DESCRIPTION OF THE TASK: Where a record contains an image, leave the image out and print the rest exactly.

---

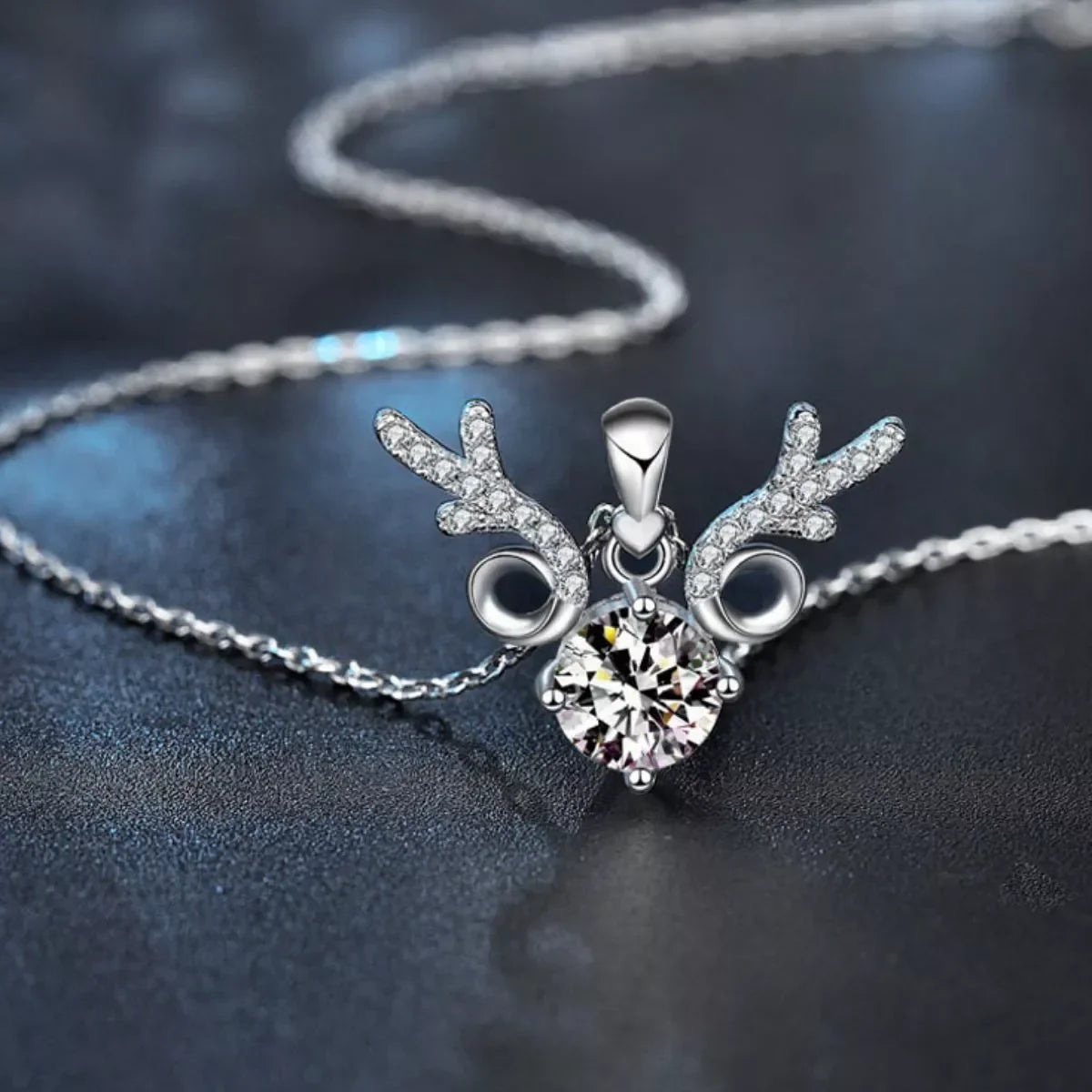 Moissanite Deer Antler Necklace - Sterling Silver Finish Velanci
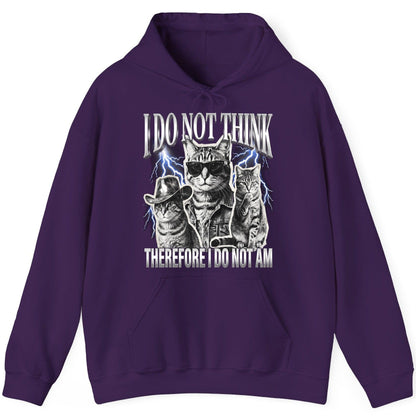 I Do Not Think Therefore I Do Not Am cats Hoodie Purple product mockup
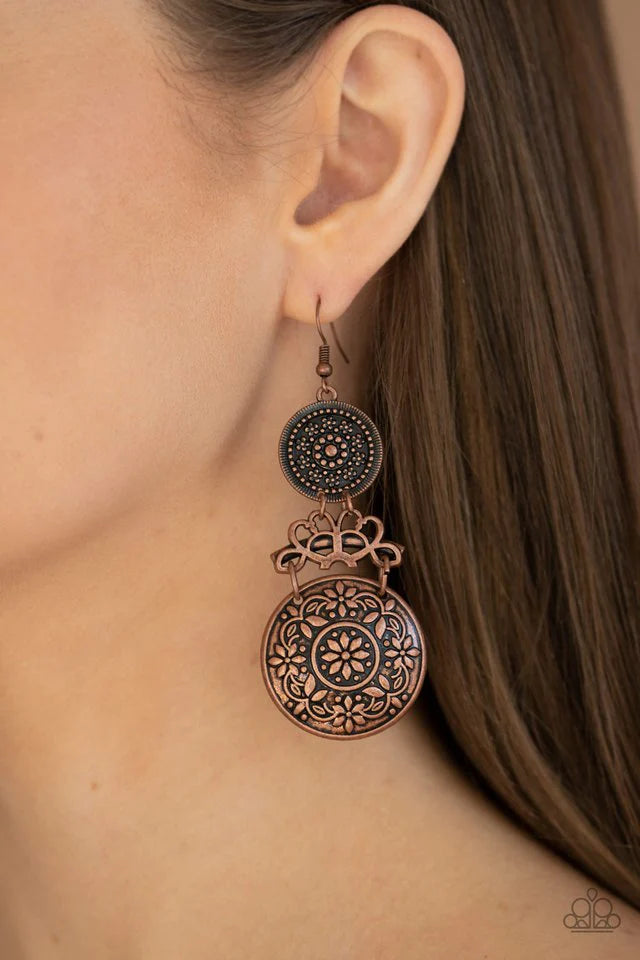Paparazzi ♥ Garden Adventure - Copper ♥ Earrings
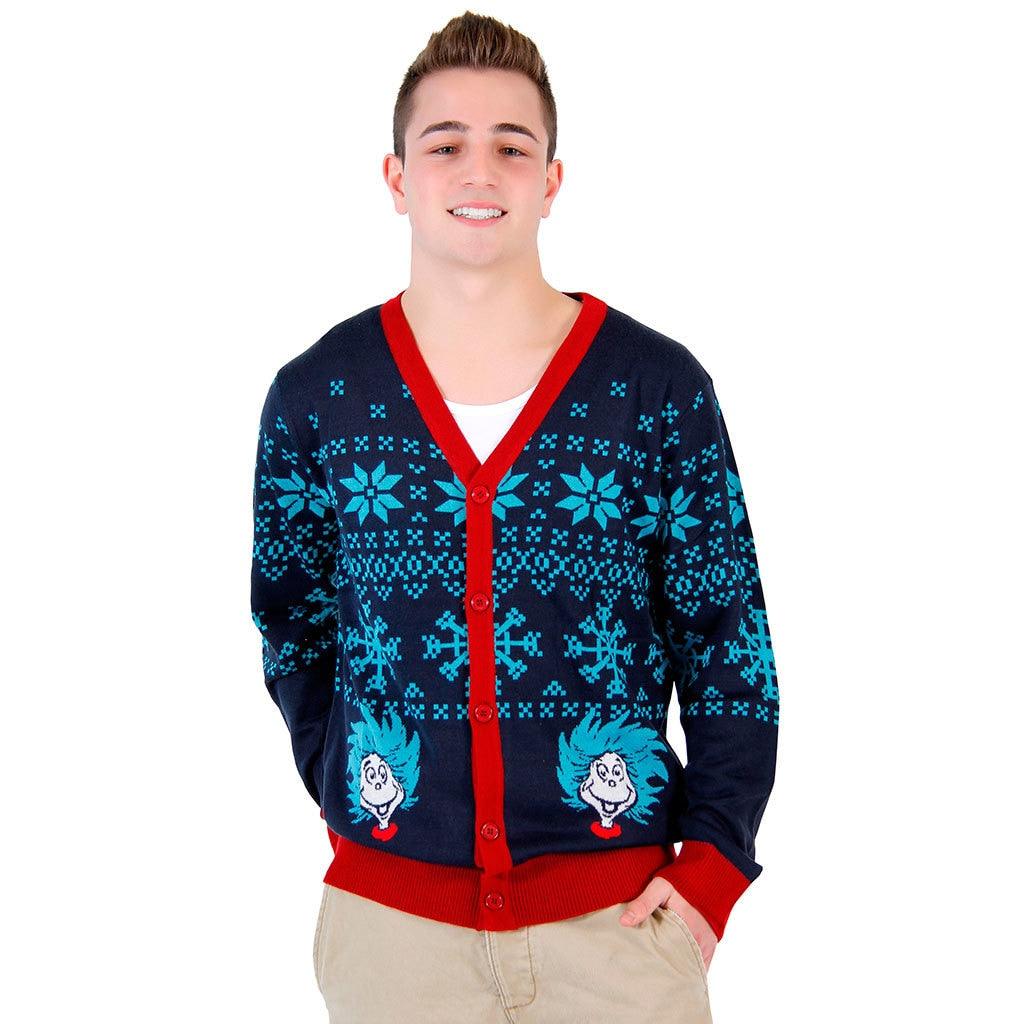 Things 1 & 2 Ugly Christmas Sweater Cardigan
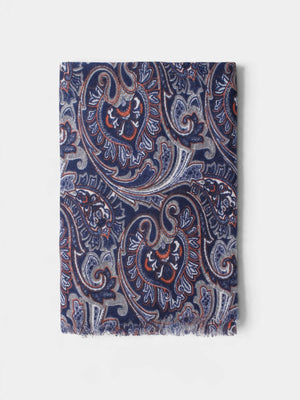 Paisley Wool Scarf - Navy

---

RESPONSE AREA:
 Moissanite Deer Antler Necklace - Sterling Silver Finish Velanci
 I Do Not Think Therefore I Do Not Am cats Hoodie Purple product mockup
Paparazzi ♥ Garden Adventure - Copper ♥ Earrings
 Things 1 & 2 Ugly Christmas Sweater Cardigan
 Paisley Wool Scarf - Navy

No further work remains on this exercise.